◆ Dataset excerpts
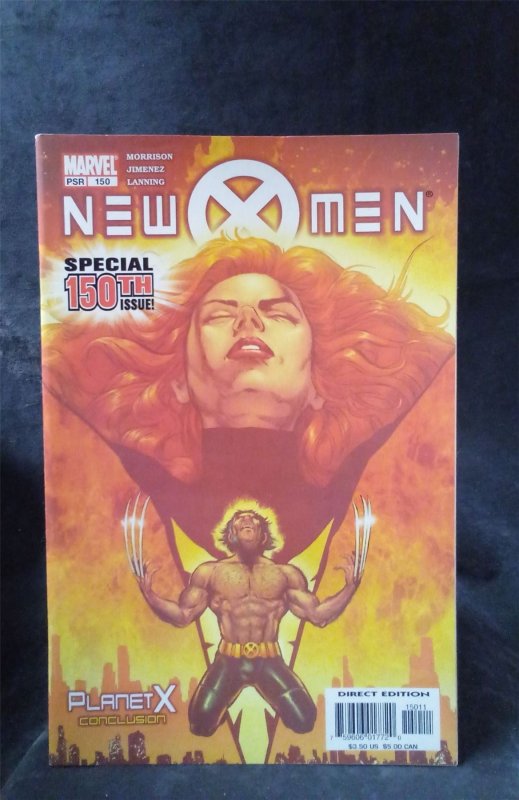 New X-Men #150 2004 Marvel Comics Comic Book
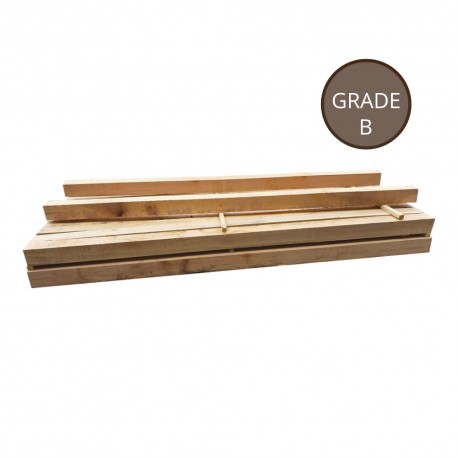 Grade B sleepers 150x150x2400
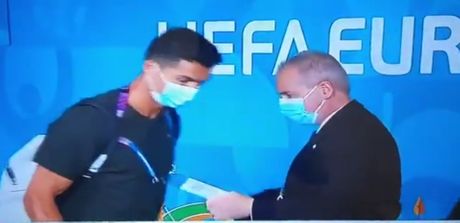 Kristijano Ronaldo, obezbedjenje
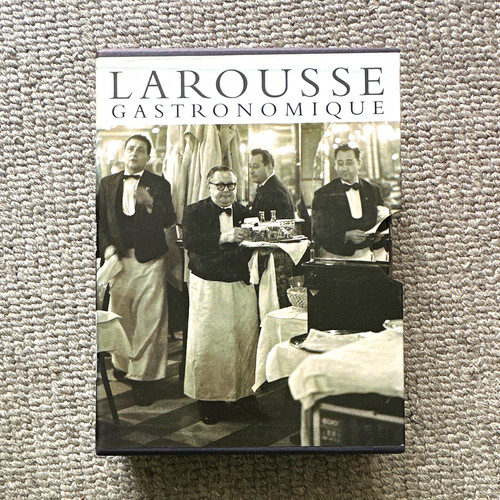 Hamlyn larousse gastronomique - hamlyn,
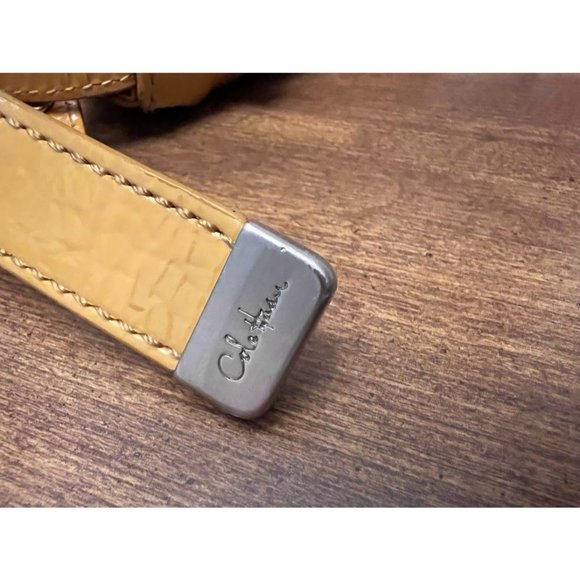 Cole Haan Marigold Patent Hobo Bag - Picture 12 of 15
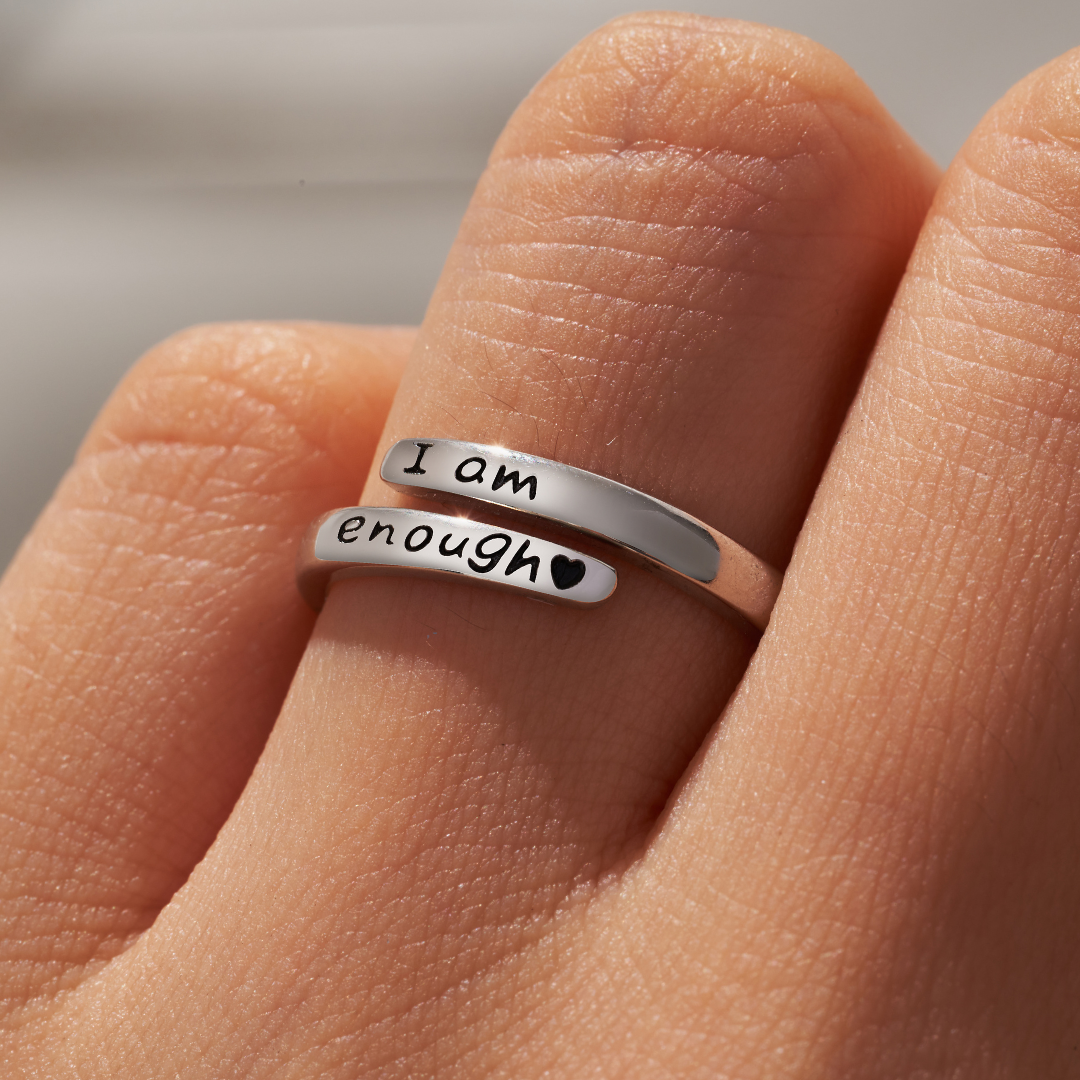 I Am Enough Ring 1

◆ Aim of the exercise
Print the complete listing exactly, apart from any pictures.

◆ Exercise result
 New X-Men #150 2004 Marvel Comics Comic Book
 Grade B sleepers 150x150x2400
 Kristijano Ronaldo, obezbedjenje
 Hamlyn larousse gastronomique - hamlyn,
 Cole Haan Marigold Patent Hobo Bag - Picture 12 of 15
 I Am Enough Ring 1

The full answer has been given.